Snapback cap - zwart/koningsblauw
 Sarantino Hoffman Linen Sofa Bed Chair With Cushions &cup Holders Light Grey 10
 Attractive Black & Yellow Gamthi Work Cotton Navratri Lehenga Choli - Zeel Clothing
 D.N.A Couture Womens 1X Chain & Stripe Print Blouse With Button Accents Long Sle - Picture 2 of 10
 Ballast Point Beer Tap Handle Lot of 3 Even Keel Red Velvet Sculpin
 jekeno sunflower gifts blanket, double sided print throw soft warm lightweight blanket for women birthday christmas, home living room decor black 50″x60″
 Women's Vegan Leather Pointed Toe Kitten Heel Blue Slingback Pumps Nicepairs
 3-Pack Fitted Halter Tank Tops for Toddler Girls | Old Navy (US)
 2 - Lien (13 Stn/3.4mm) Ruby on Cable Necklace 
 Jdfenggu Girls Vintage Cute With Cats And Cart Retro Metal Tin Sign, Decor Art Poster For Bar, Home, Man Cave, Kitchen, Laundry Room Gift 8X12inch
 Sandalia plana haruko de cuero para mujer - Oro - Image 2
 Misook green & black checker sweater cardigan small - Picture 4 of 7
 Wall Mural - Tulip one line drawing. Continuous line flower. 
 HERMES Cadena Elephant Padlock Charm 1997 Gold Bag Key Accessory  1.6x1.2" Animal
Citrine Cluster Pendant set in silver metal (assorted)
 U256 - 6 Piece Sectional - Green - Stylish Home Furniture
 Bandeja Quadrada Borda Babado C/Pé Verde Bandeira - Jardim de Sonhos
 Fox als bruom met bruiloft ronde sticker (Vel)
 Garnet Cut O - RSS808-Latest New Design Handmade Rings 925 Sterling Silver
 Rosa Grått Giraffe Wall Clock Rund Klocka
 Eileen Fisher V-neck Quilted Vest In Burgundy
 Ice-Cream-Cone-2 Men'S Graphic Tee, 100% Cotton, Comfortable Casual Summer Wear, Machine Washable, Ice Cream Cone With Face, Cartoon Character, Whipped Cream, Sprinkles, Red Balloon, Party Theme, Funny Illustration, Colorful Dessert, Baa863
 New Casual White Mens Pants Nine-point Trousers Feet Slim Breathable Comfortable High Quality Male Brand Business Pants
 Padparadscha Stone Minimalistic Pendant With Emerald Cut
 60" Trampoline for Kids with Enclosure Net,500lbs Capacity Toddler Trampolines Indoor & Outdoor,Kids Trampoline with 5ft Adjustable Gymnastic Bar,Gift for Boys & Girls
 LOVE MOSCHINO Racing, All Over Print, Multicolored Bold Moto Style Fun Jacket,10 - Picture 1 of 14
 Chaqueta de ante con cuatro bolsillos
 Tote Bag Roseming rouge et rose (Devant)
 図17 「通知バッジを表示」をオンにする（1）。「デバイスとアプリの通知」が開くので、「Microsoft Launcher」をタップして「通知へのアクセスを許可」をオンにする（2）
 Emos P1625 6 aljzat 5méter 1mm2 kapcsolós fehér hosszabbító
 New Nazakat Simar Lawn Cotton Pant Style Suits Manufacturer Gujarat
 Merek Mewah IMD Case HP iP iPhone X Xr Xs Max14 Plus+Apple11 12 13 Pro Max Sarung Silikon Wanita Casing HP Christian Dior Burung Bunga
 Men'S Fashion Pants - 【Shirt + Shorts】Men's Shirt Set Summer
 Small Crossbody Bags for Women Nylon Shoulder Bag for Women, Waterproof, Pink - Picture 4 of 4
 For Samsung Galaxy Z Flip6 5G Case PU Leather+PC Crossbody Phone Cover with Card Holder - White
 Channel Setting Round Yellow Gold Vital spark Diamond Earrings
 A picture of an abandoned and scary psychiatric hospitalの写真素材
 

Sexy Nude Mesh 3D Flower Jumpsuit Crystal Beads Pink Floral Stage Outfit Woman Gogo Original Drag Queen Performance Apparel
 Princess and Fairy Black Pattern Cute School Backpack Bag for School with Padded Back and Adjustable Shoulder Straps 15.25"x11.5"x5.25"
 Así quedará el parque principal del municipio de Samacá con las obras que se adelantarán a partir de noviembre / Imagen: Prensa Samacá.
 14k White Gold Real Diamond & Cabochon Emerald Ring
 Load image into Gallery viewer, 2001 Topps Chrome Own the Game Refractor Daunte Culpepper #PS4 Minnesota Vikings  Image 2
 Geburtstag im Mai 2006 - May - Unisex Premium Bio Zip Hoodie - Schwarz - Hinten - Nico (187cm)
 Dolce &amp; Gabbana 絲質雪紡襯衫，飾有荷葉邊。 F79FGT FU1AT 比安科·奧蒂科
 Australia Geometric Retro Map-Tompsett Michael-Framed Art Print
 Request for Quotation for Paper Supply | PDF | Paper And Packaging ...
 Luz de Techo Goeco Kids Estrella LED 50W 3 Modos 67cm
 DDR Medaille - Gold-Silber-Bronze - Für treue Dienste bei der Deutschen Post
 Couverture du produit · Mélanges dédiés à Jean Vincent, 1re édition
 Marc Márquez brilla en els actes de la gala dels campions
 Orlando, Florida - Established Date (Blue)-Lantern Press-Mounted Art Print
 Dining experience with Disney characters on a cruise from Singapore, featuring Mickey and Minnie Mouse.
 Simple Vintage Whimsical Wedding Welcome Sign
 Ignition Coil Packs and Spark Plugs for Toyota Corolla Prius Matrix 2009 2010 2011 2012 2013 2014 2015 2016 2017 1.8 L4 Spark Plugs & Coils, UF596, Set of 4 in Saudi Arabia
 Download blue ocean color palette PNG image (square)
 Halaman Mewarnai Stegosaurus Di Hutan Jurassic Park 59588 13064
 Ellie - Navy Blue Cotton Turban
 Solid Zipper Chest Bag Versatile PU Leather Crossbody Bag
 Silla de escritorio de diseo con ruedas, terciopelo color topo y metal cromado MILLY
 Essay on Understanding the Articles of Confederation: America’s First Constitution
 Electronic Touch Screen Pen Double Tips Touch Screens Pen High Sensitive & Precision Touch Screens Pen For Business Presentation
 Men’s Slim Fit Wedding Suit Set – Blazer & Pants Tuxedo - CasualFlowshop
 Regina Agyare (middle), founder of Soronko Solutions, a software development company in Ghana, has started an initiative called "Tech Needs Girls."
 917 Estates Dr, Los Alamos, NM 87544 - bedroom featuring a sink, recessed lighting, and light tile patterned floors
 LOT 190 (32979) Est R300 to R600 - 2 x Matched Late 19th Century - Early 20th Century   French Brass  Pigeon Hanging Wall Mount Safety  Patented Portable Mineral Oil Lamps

======

Problem details =
Every line above is to be transcribed exactly, with nothing dropped.

Problem solution =
Snapback cap - zwart/koningsblauw
 Sarantino Hoffman Linen Sofa Bed Chair With Cushions &cup Holders Light Grey 10
 Attractive Black & Yellow Gamthi Work Cotton Navratri Lehenga Choli - Zeel Clothing
 D.N.A Couture Womens 1X Chain & Stripe Print Blouse With Button Accents Long Sle - Picture 2 of 10
 Ballast Point Beer Tap Handle Lot of 3 Even Keel Red Velvet Sculpin
 jekeno sunflower gifts blanket, double sided print throw soft warm lightweight blanket for women birthday christmas, home living room decor black 50″x60″
 Women's Vegan Leather Pointed Toe Kitten Heel Blue Slingback Pumps Nicepairs
 3-Pack Fitted Halter Tank Tops for Toddler Girls | Old Navy (US)
 2 - Lien (13 Stn/3.4mm) Ruby on Cable Necklace 
 Jdfenggu Girls Vintage Cute With Cats And Cart Retro Metal Tin Sign, Decor Art Poster For Bar, Home, Man Cave, Kitchen, Laundry Room Gift 8X12inch
 Sandalia plana haruko de cuero para mujer - Oro - Image 2
 Misook green & black checker sweater cardigan small - Picture 4 of 7
 Wall Mural - Tulip one line drawing. Continuous line flower. 
 HERMES Cadena Elephant Padlock Charm 1997 Gold Bag Key Accessory  1.6x1.2" Animal
Citrine Cluster Pendant set in silver metal (assorted)
 U256 - 6 Piece Sectional - Green - Stylish Home Furniture
 Bandeja Quadrada Borda Babado C/Pé Verde Bandeira - Jardim de Sonhos
 Fox als bruom met bruiloft ronde sticker (Vel)
 Garnet Cut O - RSS808-Latest New Design Handmade Rings 925 Sterling Silver
 Rosa Grått Giraffe Wall Clock Rund Klocka
 Eileen Fisher V-neck Quilted Vest In Burgundy
 Ice-Cream-Cone-2 Men'S Graphic Tee, 100% Cotton, Comfortable Casual Summer Wear, Machine Washable, Ice Cream Cone With Face, Cartoon Character, Whipped Cream, Sprinkles, Red Balloon, Party Theme, Funny Illustration, Colorful Dessert, Baa863
 New Casual White Mens Pants Nine-point Trousers Feet Slim Breathable Comfortable High Quality Male Brand Business Pants
 Padparadscha Stone Minimalistic Pendant With Emerald Cut
 60" Trampoline for Kids with Enclosure Net,500lbs Capacity Toddler Trampolines Indoor & Outdoor,Kids Trampoline with 5ft Adjustable Gymnastic Bar,Gift for Boys & Girls
 LOVE MOSCHINO Racing, All Over Print, Multicolored Bold Moto Style Fun Jacket,10 - Picture 1 of 14
 Chaqueta de ante con cuatro bolsillos
 Tote Bag Roseming rouge et rose (Devant)
 図17 「通知バッジを表示」をオンにする（1）。「デバイスとアプリの通知」が開くので、「Microsoft Launcher」をタップして「通知へのアクセスを許可」をオンにする（2）
 Emos P1625 6 aljzat 5méter 1mm2 kapcsolós fehér hosszabbító
 New Nazakat Simar Lawn Cotton Pant Style Suits Manufacturer Gujarat
 Merek Mewah IMD Case HP iP iPhone X Xr Xs Max14 Plus+Apple11 12 13 Pro Max Sarung Silikon Wanita Casing HP Christian Dior Burung Bunga
 Men'S Fashion Pants - 【Shirt + Shorts】Men's Shirt Set Summer
 Small Crossbody Bags for Women Nylon Shoulder Bag for Women, Waterproof, Pink - Picture 4 of 4
 For Samsung Galaxy Z Flip6 5G Case PU Leather+PC Crossbody Phone Cover with Card Holder - White
 Channel Setting Round Yellow Gold Vital spark Diamond Earrings
 A picture of an abandoned and scary psychiatric hospitalの写真素材
 

Sexy Nude Mesh 3D Flower Jumpsuit Crystal Beads Pink Floral Stage Outfit Woman Gogo Original Drag Queen Performance Apparel
 Princess and Fairy Black Pattern Cute School Backpack Bag for School with Padded Back and Adjustable Shoulder Straps 15.25"x11.5"x5.25"
 Así quedará el parque principal del municipio de Samacá con las obras que se adelantarán a partir de noviembre / Imagen: Prensa Samacá.
 14k White Gold Real Diamond & Cabochon Emerald Ring
 Load image into Gallery viewer, 2001 Topps Chrome Own the Game Refractor Daunte Culpepper #PS4 Minnesota Vikings  Image 2
 Geburtstag im Mai 2006 - May - Unisex Premium Bio Zip Hoodie - Schwarz - Hinten - Nico (187cm)
 Dolce &amp; Gabbana 絲質雪紡襯衫，飾有荷葉邊。 F79FGT FU1AT 比安科·奧蒂科
 Australia Geometric Retro Map-Tompsett Michael-Framed Art Print
 Request for Quotation for Paper Supply | PDF | Paper And Packaging ...
 Luz de Techo Goeco Kids Estrella LED 50W 3 Modos 67cm
 DDR Medaille - Gold-Silber-Bronze - Für treue Dienste bei der Deutschen Post
 Couverture du produit · Mélanges dédiés à Jean Vincent, 1re édition
 Marc Márquez brilla en els actes de la gala dels campions
 Orlando, Florida - Established Date (Blue)-Lantern Press-Mounted Art Print
 Dining experience with Disney characters on a cruise from Singapore, featuring Mickey and Minnie Mouse.
 Simple Vintage Whimsical Wedding Welcome Sign
 Ignition Coil Packs and Spark Plugs for Toyota Corolla Prius Matrix 2009 2010 2011 2012 2013 2014 2015 2016 2017 1.8 L4 Spark Plugs & Coils, UF596, Set of 4 in Saudi Arabia
 Download blue ocean color palette PNG image (square)
 Halaman Mewarnai Stegosaurus Di Hutan Jurassic Park 59588 13064
 Ellie - Navy Blue Cotton Turban
 Solid Zipper Chest Bag Versatile PU Leather Crossbody Bag
 Silla de escritorio de diseo con ruedas, terciopelo color topo y metal cromado MILLY
 Essay on Understanding the Articles of Confederation: America’s First Constitution
 Electronic Touch Screen Pen Double Tips Touch Screens Pen High Sensitive & Precision Touch Screens Pen For Business Presentation
 Men’s Slim Fit Wedding Suit Set – Blazer & Pants Tuxedo - CasualFlowshop
 Regina Agyare (middle), founder of Soronko Solutions, a software development company in Ghana, has started an initiative called "Tech Needs Girls."
 917 Estates Dr, Los Alamos, NM 87544 - bedroom featuring a sink, recessed lighting, and light tile patterned floors
 LOT 190 (32979) Est R300 to R600 - 2 x Matched Late 19th Century - Early 20th Century   French Brass  Pigeon Hanging Wall Mount Safety  Patented Portable Mineral Oil Lamps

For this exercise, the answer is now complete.